I’ve decided to challenge myself with this whole blogging thing a bit more. In other words, to actually maintain it, give it all the de rigueur bells and whistles and what have you, and–and here’s the really tricky/iffy part–make it honest. Oh, and regular, too. This is a tall order and in the interest of honesty I have to say that I am not sure I will have the time or inclination to really make this thing sing in a way that I can take pride in, or even take an interest in. The thing is, blogs are a dime a dozen, and I feel like I have more exciting things to share and to do in the world than sit here and share all of my musings with an anonymous and probably meager throng. I like actually talking to people, looking them in the eye.
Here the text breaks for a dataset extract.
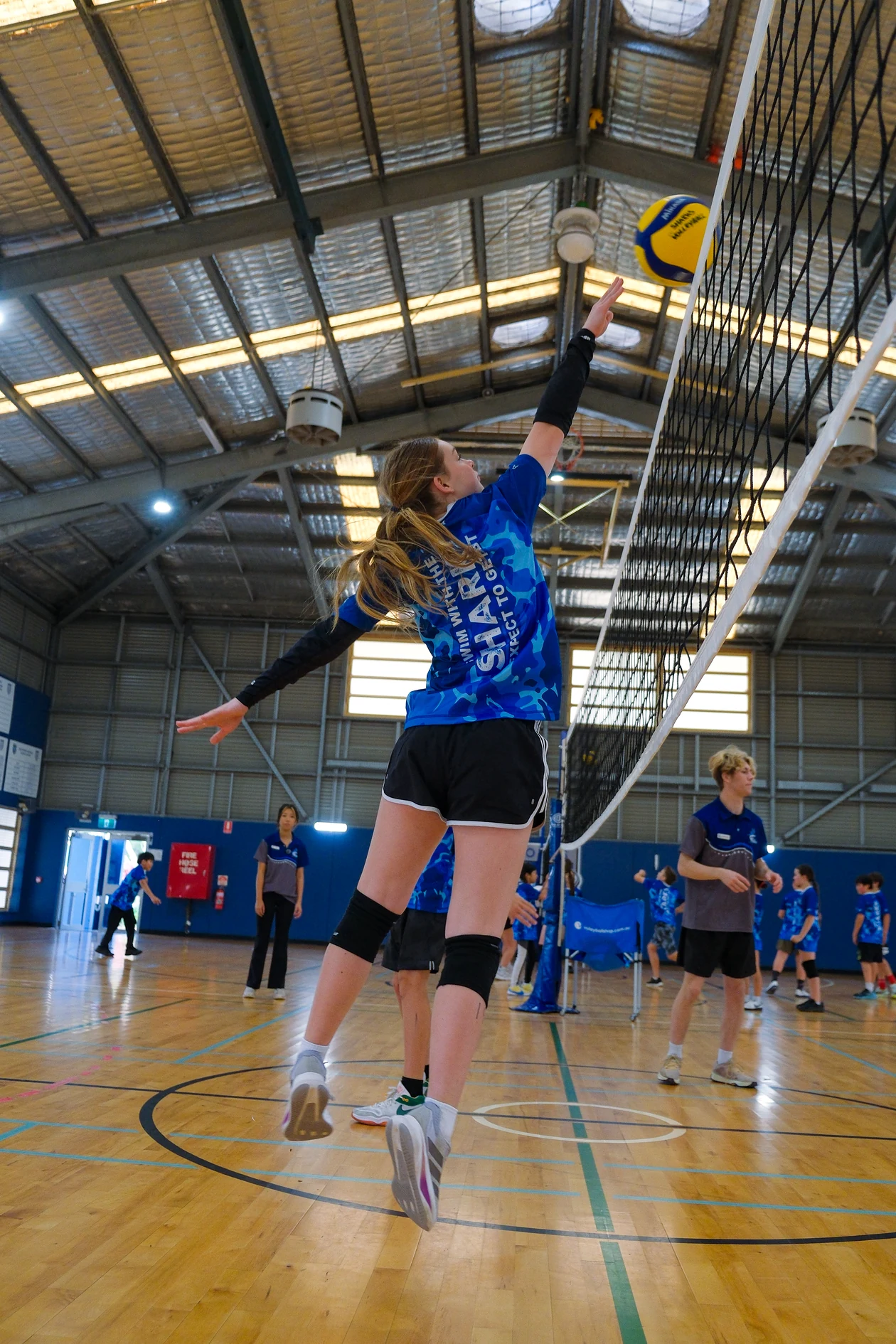 Sharks Volleyball athlete reaching to play the ball at the net during a junior session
Or creating things that are a little more complex, and therefore a little more interesting. Spilling words into the void isn’t really my thing. But at the same time I find this whole blogging experience fascinating. And I mean that pretty self-indulgently. All these questions arise about self-censorship, about how much of yourself can actually be (safely) shared in this medium. If I were honest with you, dear reader, I would also offend most of the people I’ve ever known at some point, I’m sure, and I would offend myself. And who wants to do that? So, if I’m not here to be honest, or to make enemies, what then?

I don’t know. But I am enjoying the journey. And even if this becomes a blog on the nature of blogging, then that’s cool, too. The blogosphere is kind of a toilet, anyway. I don’t know that my mess needs to be added to it.
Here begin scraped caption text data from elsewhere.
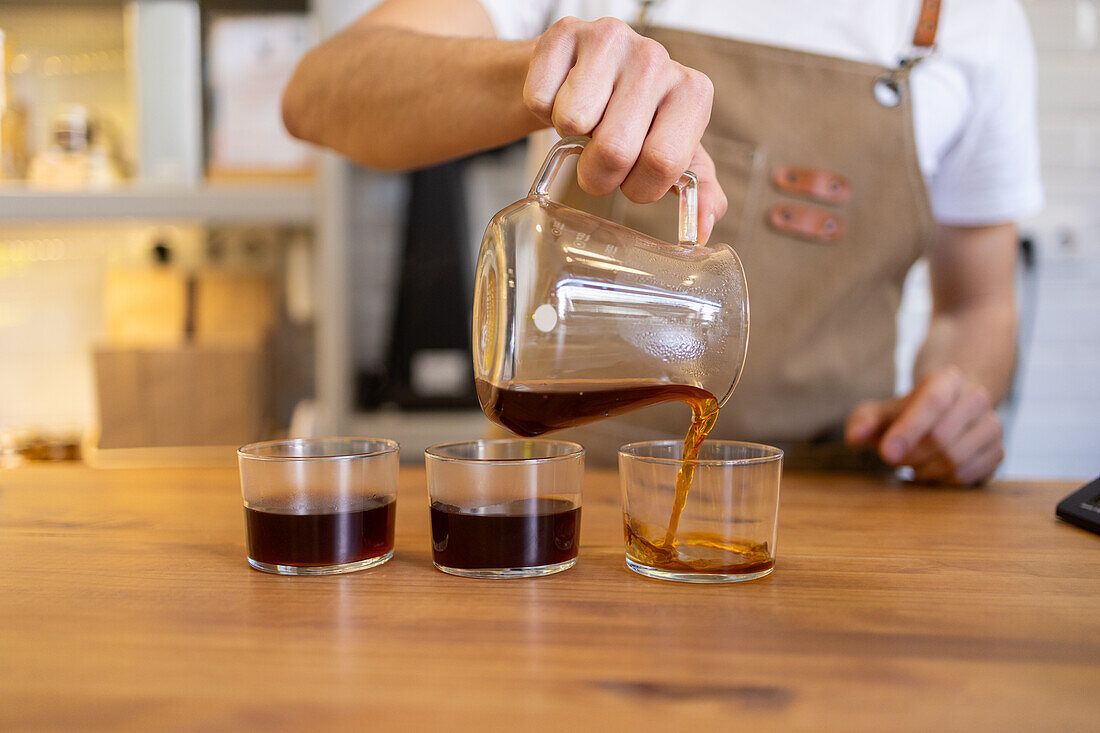 A barista in a bright cafe setting carefully pours steaming coffee into glasses from a clear decanter.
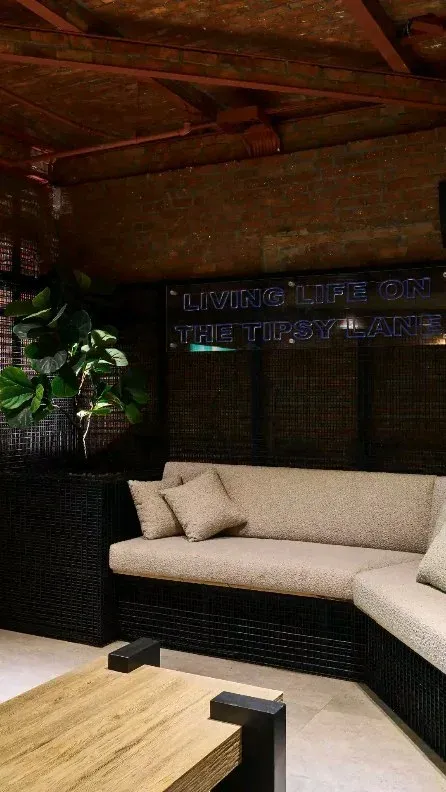 Corner sofa and low table in a dark lounge booth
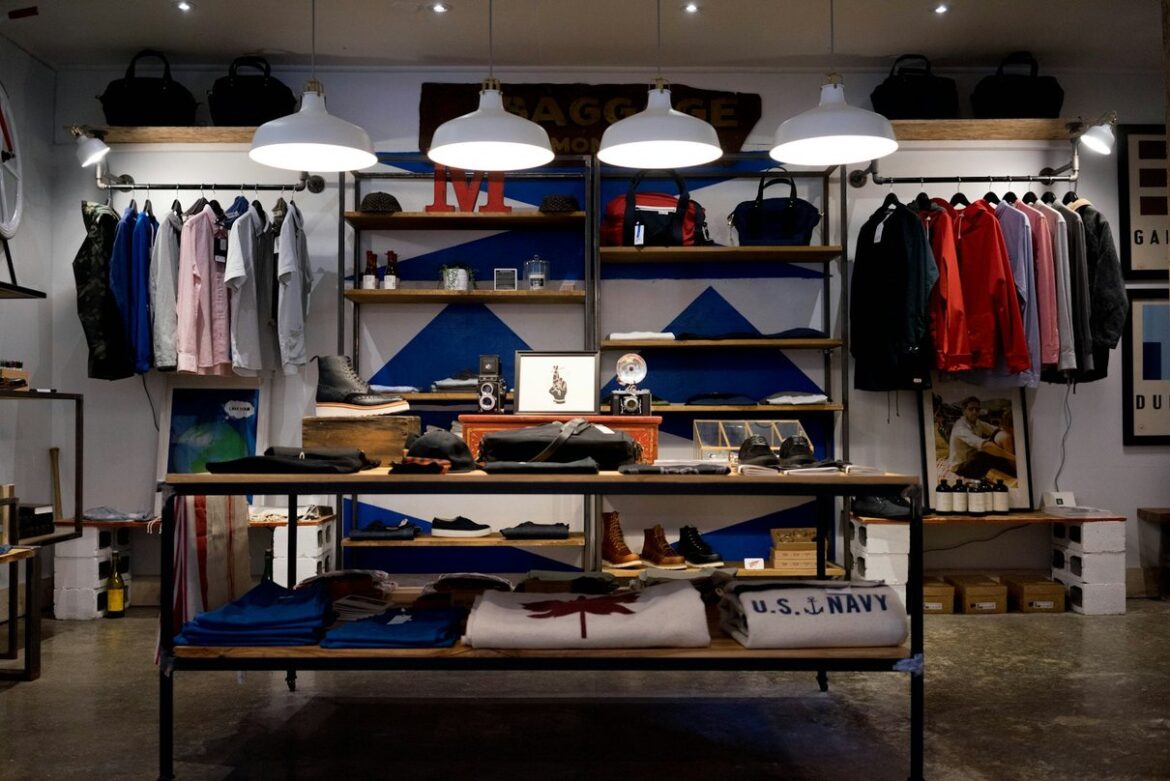 Bright clothing boutique interior with racks and displays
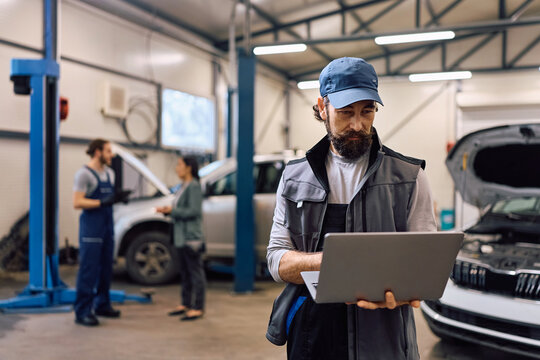 Mature mechanic working on laptop in auto repair shop.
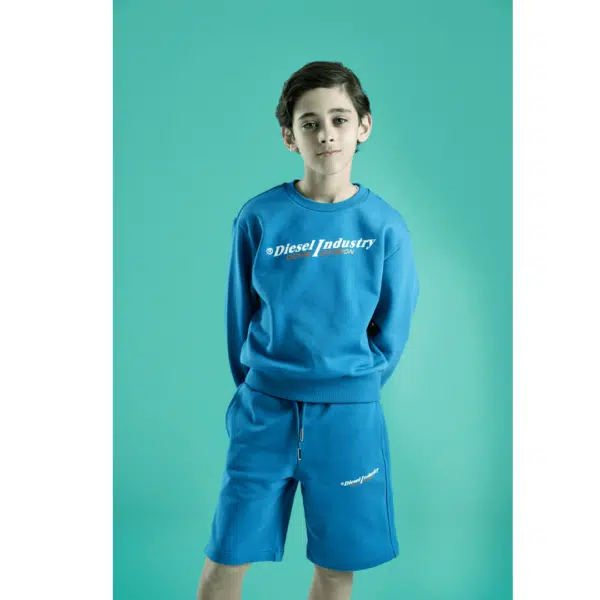 Diesel boys blue sweater and shorts on model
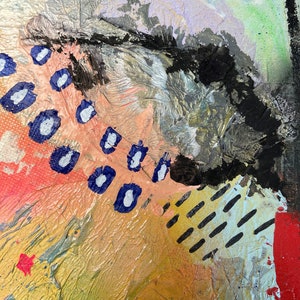 May include: Abstract painting with a mix of textures and colors, including black, white, blue, pink, and gold. The painting features a large black shape in the upper right corner, with a series of blue and white dots scattered across the lower left corner.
Posted by Jason Brody, filed under Midnight ramblings. Date: July 13, 2008, 5:53 pm | No Comments »

i am attempting to register my blog with technorati.com, and to start actually sprucing it up a bit. we shall see…

Technorati Profile

Posted by Jason Brody, filed under Miscellaneous. Date: July 12, 2008, 6:38 pm | No Comments »
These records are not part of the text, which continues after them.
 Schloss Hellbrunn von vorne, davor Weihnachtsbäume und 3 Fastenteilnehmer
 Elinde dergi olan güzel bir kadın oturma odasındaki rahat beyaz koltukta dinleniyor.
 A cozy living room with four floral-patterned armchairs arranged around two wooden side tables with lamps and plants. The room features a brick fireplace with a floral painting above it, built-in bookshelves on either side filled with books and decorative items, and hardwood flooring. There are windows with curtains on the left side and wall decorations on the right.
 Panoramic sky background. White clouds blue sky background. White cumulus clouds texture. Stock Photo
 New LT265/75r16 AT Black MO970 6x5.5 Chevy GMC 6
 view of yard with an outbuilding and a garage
Tonight is TDoJB’s first trio show in–well, as The Death of Jason Brody, which means it’s our first trio show ever. I am excited that we’re playing out again even though I suspect the venue accommodations will be less than stellar. No biggie, though. This is some sort of contest thrown by Original Sessions, which does seem legit enough. We shall see. Anyway, it has been interesting picking up after letting go a band member, and we have challenged ourselves to continue down the same path sound-wise while stripping things down a bit. So we’re all triggering this, looping that, in addition to playing our regular parts and singing. In the song EMERGENCY, for example, I am playing the keyboard part in the verses while singing and throwing some guitar jabs in there, too. Geoff is stepping up and playing some piano bits here and there. Even Mr. Olson has a new toy that he’s using during the set to generate other sounds on top of his drum parts. Sometimes I feel like an octopus and wish that we were your standard-fare rock band, a power trio, whatever the fuck that really means. But mostly I like the challenge of what we are doing and I cannot wait to apply all these new moves to the new songs I am working on.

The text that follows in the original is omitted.